Problem statement:
When you reach the line containing "Two-Bedroom Suite with" in the records below, start copying exactly, and stop once you have copied the line containing "2007年 UC6EA6C20620 30015254".

Study material:
+--
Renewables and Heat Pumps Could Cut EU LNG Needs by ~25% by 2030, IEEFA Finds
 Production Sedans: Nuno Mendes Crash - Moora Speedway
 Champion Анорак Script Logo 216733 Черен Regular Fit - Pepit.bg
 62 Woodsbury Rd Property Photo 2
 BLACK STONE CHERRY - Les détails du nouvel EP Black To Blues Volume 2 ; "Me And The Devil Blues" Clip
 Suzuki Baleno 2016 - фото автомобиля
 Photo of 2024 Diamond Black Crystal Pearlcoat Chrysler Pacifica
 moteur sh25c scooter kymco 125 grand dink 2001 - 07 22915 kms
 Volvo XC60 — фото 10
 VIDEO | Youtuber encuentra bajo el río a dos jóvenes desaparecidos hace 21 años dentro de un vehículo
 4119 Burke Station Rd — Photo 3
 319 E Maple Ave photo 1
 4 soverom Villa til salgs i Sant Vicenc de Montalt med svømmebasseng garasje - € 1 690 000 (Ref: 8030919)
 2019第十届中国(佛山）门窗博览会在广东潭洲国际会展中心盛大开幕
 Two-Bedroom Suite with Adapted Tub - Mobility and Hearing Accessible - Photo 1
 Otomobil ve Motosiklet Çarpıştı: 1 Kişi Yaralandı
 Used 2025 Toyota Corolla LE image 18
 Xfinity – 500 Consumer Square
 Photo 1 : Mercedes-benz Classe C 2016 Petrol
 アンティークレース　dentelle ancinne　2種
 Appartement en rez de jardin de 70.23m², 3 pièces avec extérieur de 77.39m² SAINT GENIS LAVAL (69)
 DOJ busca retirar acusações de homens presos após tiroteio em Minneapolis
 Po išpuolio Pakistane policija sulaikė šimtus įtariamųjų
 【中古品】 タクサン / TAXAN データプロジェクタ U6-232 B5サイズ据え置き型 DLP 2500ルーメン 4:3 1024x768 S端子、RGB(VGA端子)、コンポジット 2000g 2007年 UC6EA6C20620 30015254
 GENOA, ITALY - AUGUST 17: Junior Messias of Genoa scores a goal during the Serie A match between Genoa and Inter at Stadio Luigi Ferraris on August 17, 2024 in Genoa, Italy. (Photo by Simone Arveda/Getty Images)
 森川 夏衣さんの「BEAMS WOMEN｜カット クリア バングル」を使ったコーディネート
+--
Result of this exercise:
 Two-Bedroom Suite with Adapted Tub - Mobility and Hearing Accessible - Photo 1
 Otomobil ve Motosiklet Çarpıştı: 1 Kişi Yaralandı
 Used 2025 Toyota Corolla LE image 18
 Xfinity – 500 Consumer Square
 Photo 1 : Mercedes-benz Classe C 2016 Petrol
 アンティークレース　dentelle ancinne　2種
 Appartement en rez de jardin de 70.23m², 3 pièces avec extérieur de 77.39m² SAINT GENIS LAVAL (69)
 DOJ busca retirar acusações de homens presos após tiroteio em Minneapolis
 Po išpuolio Pakistane policija sulaikė šimtus įtariamųjų
 【中古品】 タクサン / TAXAN データプロジェクタ U6-232 B5サイズ据え置き型 DLP 2500ルーメン 4:3 1024x768 S端子、RGB(VGA端子)、コンポジット 2000g 2007年 UC6EA6C20620 30015254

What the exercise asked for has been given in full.